Mon cher Jacques-Edouard,

Nous voici ensemble à Assise. Quand ? Je l'ignore, ou plutôt m'en détourne. Tu es à mes côtés pendant que j'observe une à une les fresques de Giotto. Un carnet sur les genoux, je prends des notes pour le livre que je prépare. Et auquel tu collabores, mais oui, même si tu n'as guère que six ou sept ans ! En ne me quittant pas un instant, en suivant mon exploration, en me faisant remarquer, je m'en souviens, le moine qui dort quand ses compagnons se réveillent stupéfaits de voir saint François traversant la maison sur un char de feu tiré par deux chevaux... L'oeuvre, et plus précisément l'oeuvre d'art, n'est-elle pas le révélateur le plus complexe et le plus fidèle de nos mutations ?", écrivais-tu beaucoup plus tard. C'est la foi que nous avons partagée de longues années durant. Aussi n'est-il est pas étonnant que, reprenant la plume, aujourd'hui l'ordinateur, nous continuions, par-delà ton départ, de collaborer.
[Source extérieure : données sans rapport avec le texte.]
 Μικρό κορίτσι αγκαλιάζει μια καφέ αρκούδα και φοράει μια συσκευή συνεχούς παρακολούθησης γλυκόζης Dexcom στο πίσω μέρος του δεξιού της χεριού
Cette nouvelle série, qu'inaugure la "Vénus et la musique de Titien" en est le témoignage: d'autres programmes suivront sous le titre qui nous a servi d'emblème fraternel : DÉCOUVRIR. Et dont nous savons qu'à travers l'art il signifie " mieux aimer" . Car le monde de la lumière, c'est aussi ce que nous avons appris, comporte une part d'ombre, translucide ou opaque, qui jamais ne disparaît tout à fait. C'est pourquoi nulle explication n'en viendra jamais à bout . Son unité multiple rayonne au coeur de son mystère irréductible.